Selain itu, implementasi elektronifikasi transaksi pemerintah daerah juga menunjukkan penguatan yang signifikan. Provinsi Jawa Tengah berhasil mempertahankan status sebagai Pemda “Digital” dengan Indeks ETPD sebesar 96,5 persen pada semester I-2025.
Rahmat menjelaskan, capaian tersebut tidak lepas dari berbagai inovasi dan kolaborasi yang dilakukan bersama mitra daerah.
“Kami terus memperluas akseptasi pembayaran digital melalui berbagai inisiatif, seperti QRIS Society LPG Channel, digitalisasi di destinasi wisata seperti Borobudur, Lawang Sewu, dan Karimunjawa, hingga kerja sama peningkatan literasi keuangan dengan pemerintah daerah, perbankan, dan lembaga pendidikan,” katanya.
Sekretaris Daerah Provinsi Jawa Tengah, Sumarno, turut memberikan apresiasi kepada Bank Indonesia atas konsistensinya dalam memperkuat sinergi digitalisasi daerah.
“Kegiatan seperti Rupiah Tresno Budoyo ini membuktikan bahwa budaya dapat berjalan beriringan dengan ekonomi kreatif. Keduanya saling memperkuat untuk membangun kemandirian ekonomi Jawa Tengah,” ungkap Sumarno.
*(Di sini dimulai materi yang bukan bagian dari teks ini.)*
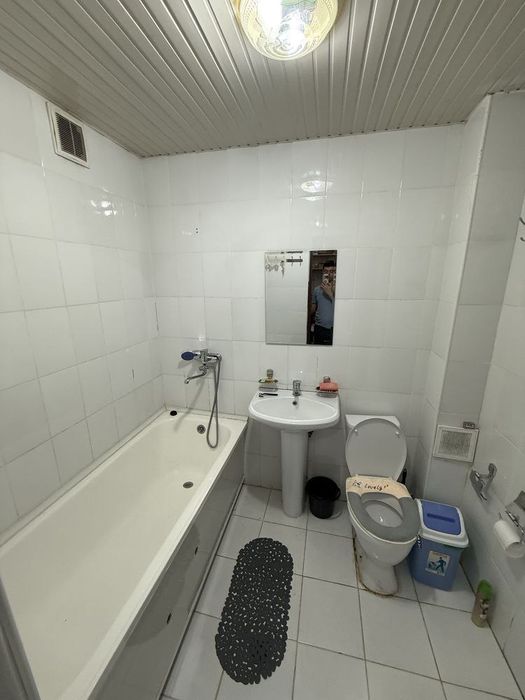 Novza metro yonida kvartira bor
Mengusung tema dua abad Perang Jawa, kegiatan ini juga menjadi refleksi semangat perjuangan Pangeran Diponegoro dalam konteks modern. Nilai-nilai kemandirian, integritas, dan keteguhan yang diperjuangkannya menjadi inspirasi untuk membangun ekonomi yang mandiri dan berdaulat,. Hal ini sejalan dengan arah kebijakan Bank Indonesia yang mendorong kemandirian sistem pembayaran nasional melalui inovasi seperti Gerbang Pembayaran Nasional (GPN) dan QRIS Cross Border, yang kini dapat digunakan di Singapura, Malaysia, Thailand, Filipina, dan Jepang.
Sebagai puncak acara, Rupiah Tresno Budoyo 2025 menampilkan “Opera Orchestra Diponegoro”, kolaborasi seniman Jawa Tengah dan musisi muda yang mengisahkan perjuangan Diponegoro dalam balutan tari teatrikal, orkestra modern, dan gamelan kontemporer, sebuah simbol integrasi budaya tradisional di tengah pesatnya transformasi digital.
Melalui Rupiah Tresno Budoyo 2025, Bank Indonesia Jawa Tengah berharap percepatan digitalisasi pembayaran dapat terus meluas dengan tetap menjunjung tinggi nilai sejarah dan kearifan budaya lokal.
“Kami ingin digitalisasi tidak hanya memudahkan transaksi, tetapi juga memperkuat jati diri bangsa melalui pelestarian budaya,” pungkas Rahmat Dwisaputra.